- Opening Delimiter -

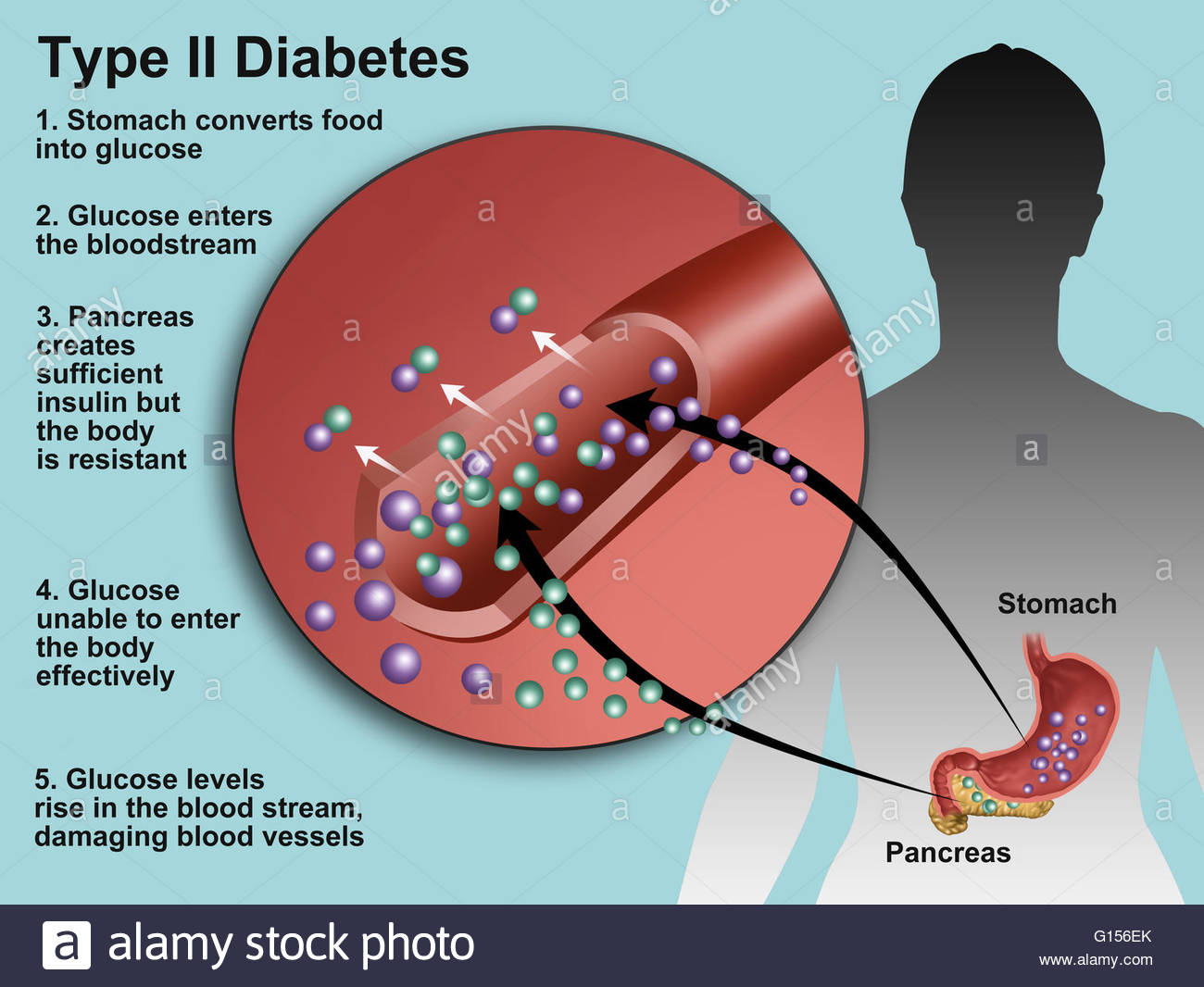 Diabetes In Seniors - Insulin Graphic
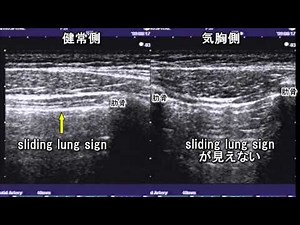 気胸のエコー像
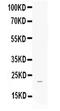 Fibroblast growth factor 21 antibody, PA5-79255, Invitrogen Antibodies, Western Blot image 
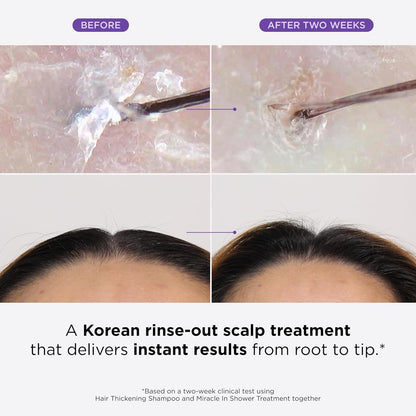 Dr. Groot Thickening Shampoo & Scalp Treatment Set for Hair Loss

- Closing Delimiter -
- Opening Delimiter -

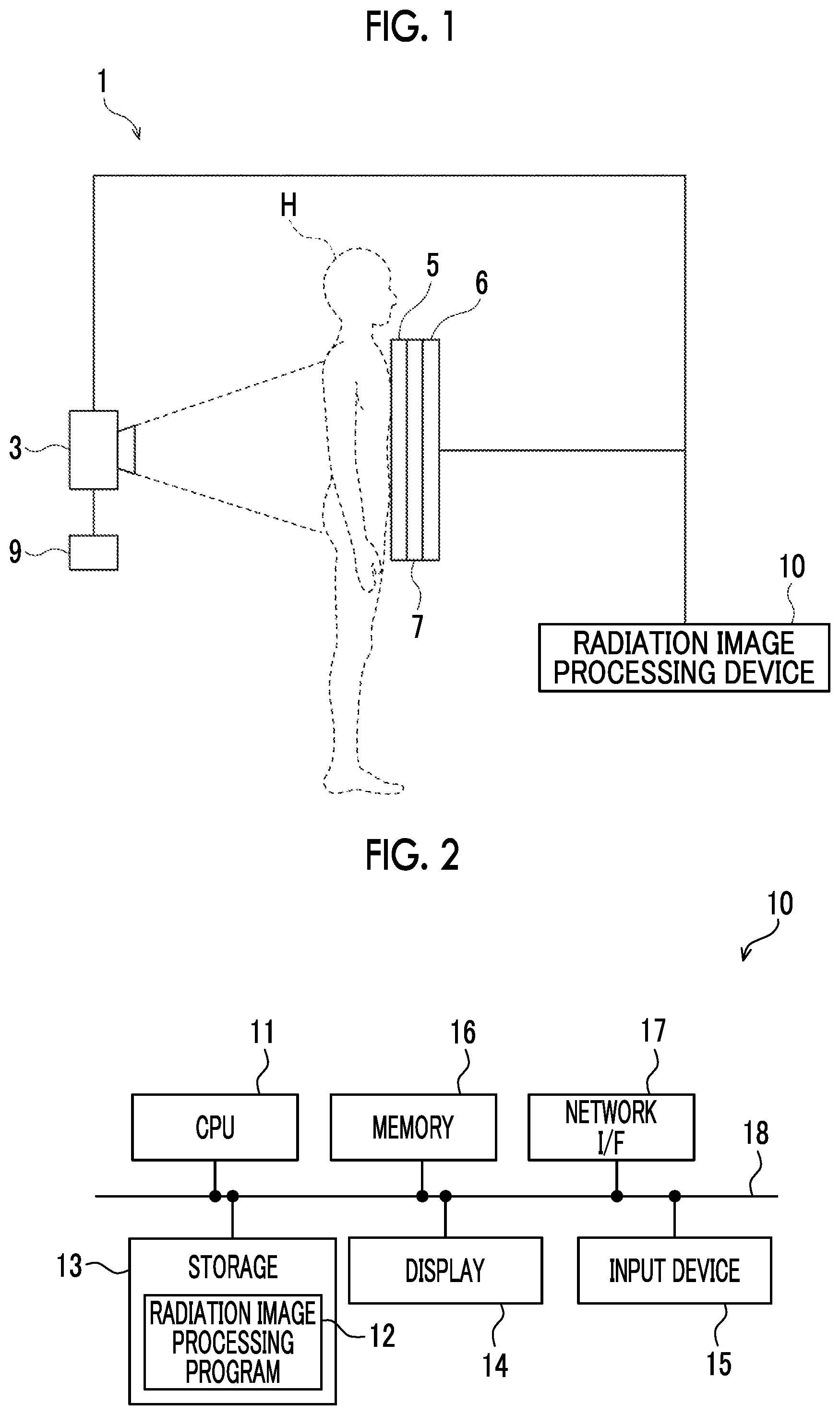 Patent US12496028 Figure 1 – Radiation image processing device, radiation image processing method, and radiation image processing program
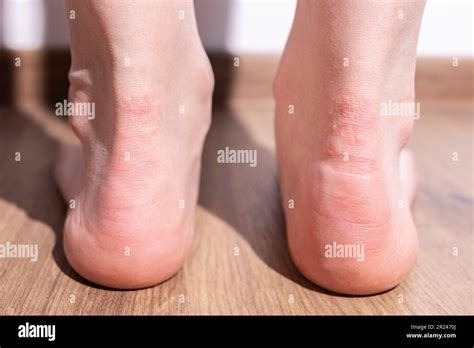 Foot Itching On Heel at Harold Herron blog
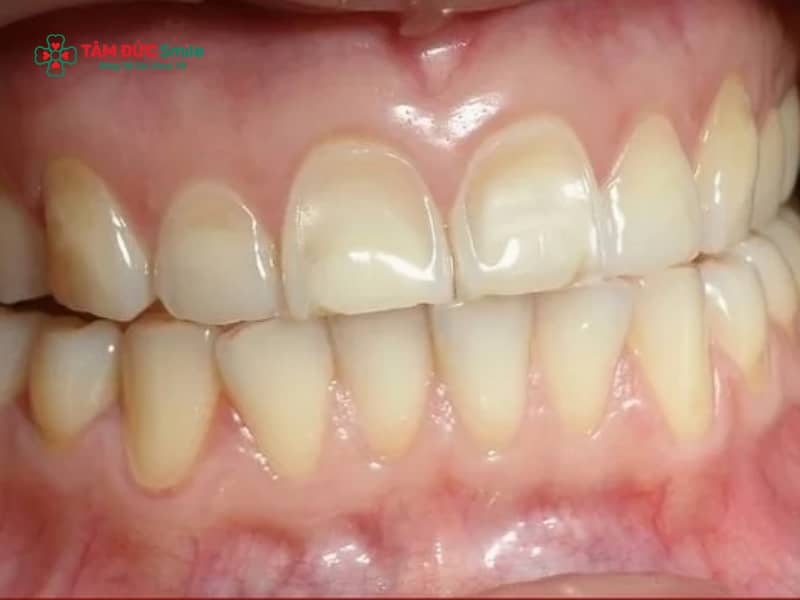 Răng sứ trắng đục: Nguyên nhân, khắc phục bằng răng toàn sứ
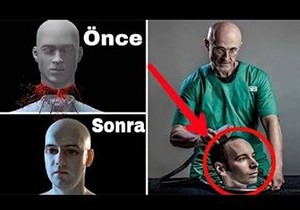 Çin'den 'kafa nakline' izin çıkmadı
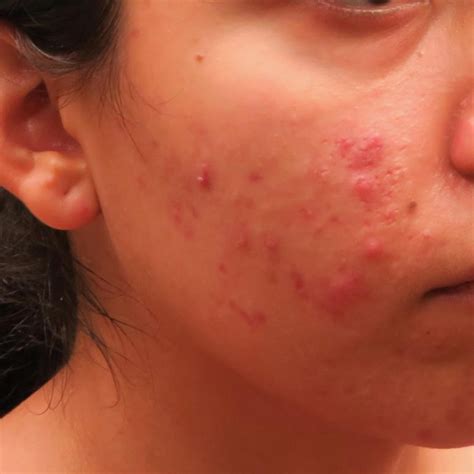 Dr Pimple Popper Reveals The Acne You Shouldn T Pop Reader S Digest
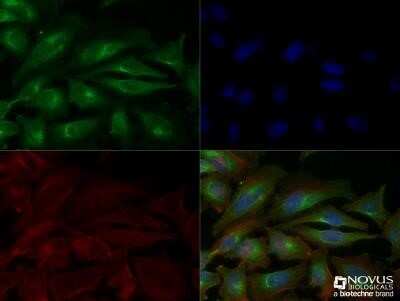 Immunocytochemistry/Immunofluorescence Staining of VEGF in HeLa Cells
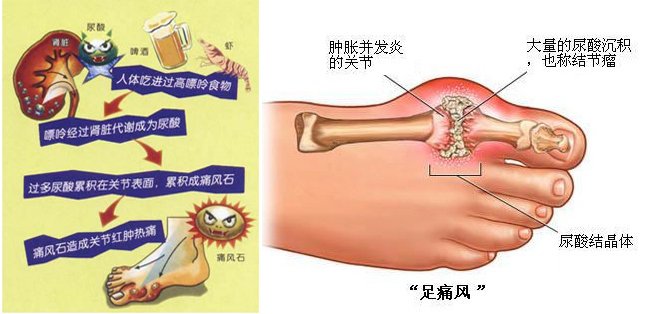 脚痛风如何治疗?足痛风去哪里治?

- Closing Delimiter -

— Task brief —
Return exactly the stretch above whose first line contains "Diabetes In Seniors - Insulin Graphic" and whose last line contains "Dr. Groot Thickening", and nothing outside it. The pictures should not appear.

— Answer for the task —
 Diabetes In Seniors - Insulin Graphic
 気胸のエコー像
 Fibroblast growth factor 21 antibody, PA5-79255, Invitrogen Antibodies, Western Blot image 
 Dr. Groot Thickening Shampoo & Scalp Treatment Set for Hair Loss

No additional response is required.